NBC adds yet another miniseries to its 2008-2009 lineup
Jun 12, 2008, 07:06 PM | by Lynette Rice
Categories: TV Biz
Is NBC getting back into the movie business? EW.com has learned that the Peacock may be developing yet another big-tent miniseries for the fall season — this one starring Marla Sokoloff (Big Day) as a brilliant scientist who helps to save the day when a meteor strikes Anytown, U.S.A. An NBC spokeswoman wouldn't comment, but a source close to the project says Billy Campbell (Once & Again) and Stacy Keach (Prison Break) are also attached.

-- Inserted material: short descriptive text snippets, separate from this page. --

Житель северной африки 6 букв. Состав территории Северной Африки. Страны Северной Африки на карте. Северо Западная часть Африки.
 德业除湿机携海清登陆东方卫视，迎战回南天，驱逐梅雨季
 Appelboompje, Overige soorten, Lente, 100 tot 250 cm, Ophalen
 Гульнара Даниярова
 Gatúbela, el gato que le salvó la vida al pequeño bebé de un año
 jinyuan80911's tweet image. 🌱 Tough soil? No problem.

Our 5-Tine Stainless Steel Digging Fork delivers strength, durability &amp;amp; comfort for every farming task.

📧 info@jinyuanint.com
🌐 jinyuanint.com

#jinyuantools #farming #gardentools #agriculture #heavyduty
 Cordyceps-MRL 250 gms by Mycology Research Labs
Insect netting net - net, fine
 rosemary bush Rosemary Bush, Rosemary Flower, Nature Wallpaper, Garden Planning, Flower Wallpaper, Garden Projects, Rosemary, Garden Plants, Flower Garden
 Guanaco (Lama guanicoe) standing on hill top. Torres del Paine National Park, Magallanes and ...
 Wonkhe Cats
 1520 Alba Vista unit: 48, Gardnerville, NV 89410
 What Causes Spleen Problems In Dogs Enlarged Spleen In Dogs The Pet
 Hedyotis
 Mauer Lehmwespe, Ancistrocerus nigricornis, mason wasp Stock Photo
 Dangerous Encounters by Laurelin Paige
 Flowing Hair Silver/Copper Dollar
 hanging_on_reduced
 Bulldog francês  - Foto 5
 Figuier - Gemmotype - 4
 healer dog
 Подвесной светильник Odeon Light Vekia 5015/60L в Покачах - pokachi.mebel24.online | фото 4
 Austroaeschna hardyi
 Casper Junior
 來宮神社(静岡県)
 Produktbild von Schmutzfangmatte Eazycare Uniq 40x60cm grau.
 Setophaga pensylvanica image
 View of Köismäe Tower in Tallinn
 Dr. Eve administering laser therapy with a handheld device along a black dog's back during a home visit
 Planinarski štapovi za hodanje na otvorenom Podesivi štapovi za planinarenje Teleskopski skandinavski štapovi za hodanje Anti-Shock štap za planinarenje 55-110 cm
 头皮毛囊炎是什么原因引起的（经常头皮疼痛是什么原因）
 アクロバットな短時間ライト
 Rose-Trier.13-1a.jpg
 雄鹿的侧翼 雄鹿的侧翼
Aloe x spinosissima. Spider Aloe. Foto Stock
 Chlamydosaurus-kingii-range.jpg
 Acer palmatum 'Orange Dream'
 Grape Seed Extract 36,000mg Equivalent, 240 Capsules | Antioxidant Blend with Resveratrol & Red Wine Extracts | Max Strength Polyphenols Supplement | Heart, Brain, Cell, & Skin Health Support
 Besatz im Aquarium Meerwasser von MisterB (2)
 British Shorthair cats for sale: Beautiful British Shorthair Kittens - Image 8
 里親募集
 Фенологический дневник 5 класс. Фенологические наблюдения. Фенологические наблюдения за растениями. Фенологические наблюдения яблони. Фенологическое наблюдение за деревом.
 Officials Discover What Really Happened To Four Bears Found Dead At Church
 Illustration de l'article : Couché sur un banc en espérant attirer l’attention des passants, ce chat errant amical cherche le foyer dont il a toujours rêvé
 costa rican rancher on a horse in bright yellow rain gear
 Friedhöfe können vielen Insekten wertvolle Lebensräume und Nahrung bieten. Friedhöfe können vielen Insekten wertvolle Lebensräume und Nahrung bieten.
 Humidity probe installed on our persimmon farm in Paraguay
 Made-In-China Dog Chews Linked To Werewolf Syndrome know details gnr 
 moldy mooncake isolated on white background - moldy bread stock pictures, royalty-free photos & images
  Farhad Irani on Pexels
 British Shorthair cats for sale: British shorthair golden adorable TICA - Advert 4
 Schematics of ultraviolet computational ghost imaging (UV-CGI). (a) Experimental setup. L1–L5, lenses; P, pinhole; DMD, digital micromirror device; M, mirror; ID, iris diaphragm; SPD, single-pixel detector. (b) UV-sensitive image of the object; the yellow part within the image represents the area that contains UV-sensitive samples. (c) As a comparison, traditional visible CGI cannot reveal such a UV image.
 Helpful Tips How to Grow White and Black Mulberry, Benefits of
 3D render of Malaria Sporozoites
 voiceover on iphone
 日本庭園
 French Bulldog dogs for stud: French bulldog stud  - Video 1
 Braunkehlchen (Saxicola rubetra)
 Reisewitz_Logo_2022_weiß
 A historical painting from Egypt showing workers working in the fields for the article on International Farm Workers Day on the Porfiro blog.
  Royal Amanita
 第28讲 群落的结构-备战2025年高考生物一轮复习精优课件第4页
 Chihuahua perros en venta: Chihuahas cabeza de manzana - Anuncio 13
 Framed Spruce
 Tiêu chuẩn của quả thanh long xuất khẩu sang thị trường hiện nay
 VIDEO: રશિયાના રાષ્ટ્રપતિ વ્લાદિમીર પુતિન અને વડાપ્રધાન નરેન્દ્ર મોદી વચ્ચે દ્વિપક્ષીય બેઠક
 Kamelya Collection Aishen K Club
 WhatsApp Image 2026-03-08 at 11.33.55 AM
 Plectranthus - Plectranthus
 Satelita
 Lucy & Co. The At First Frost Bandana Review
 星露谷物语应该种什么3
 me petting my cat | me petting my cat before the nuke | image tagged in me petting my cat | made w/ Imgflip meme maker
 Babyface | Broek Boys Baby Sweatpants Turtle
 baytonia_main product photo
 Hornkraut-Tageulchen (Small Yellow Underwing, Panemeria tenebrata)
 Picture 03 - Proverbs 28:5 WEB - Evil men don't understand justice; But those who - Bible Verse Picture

This appears to be the third miniseries that NBC exec vice president Teri Weinberg has greenlit for the new season. The network already announced it'll air The Last Templar, a four-hour miniseries based on the bestselling novel by Raymond Khoury, that'll star Mira Sorvino and Scott Foley, and XIII, a thriller featuring Val Kilmer that's based on a European comic book of the same name.
The movies, which will likely air on Sundays once pro football is over, mark a new direction for NBC and broadcast TV in general. Original flicks, especially big-ticket ones exec produced by the likes of Robert Halmi Sr. (Gulliver's Travels), used to be treated as crown jewels at NBC because they had the ability to attract huge audiences (in fact, the network excelled in disaster miniseries like Asteroid in 1997). But the networks began to sour on the form because the movies are costly, eat up promotional space, skew old, and don't repeat. As a result, the Peacock canceled its Monday movie franchise at the end of the 1996-97 TV season while CBS finally threw in the towel on its Sunday movie franchise after the 2005-06 TV season. Now, HBO is pretty much the only go-to place for big-ticket miniseries like the recent John Adams and the upcoming war epic The Pacific, which is exec produced by Tom Hanks and Steven Spielberg.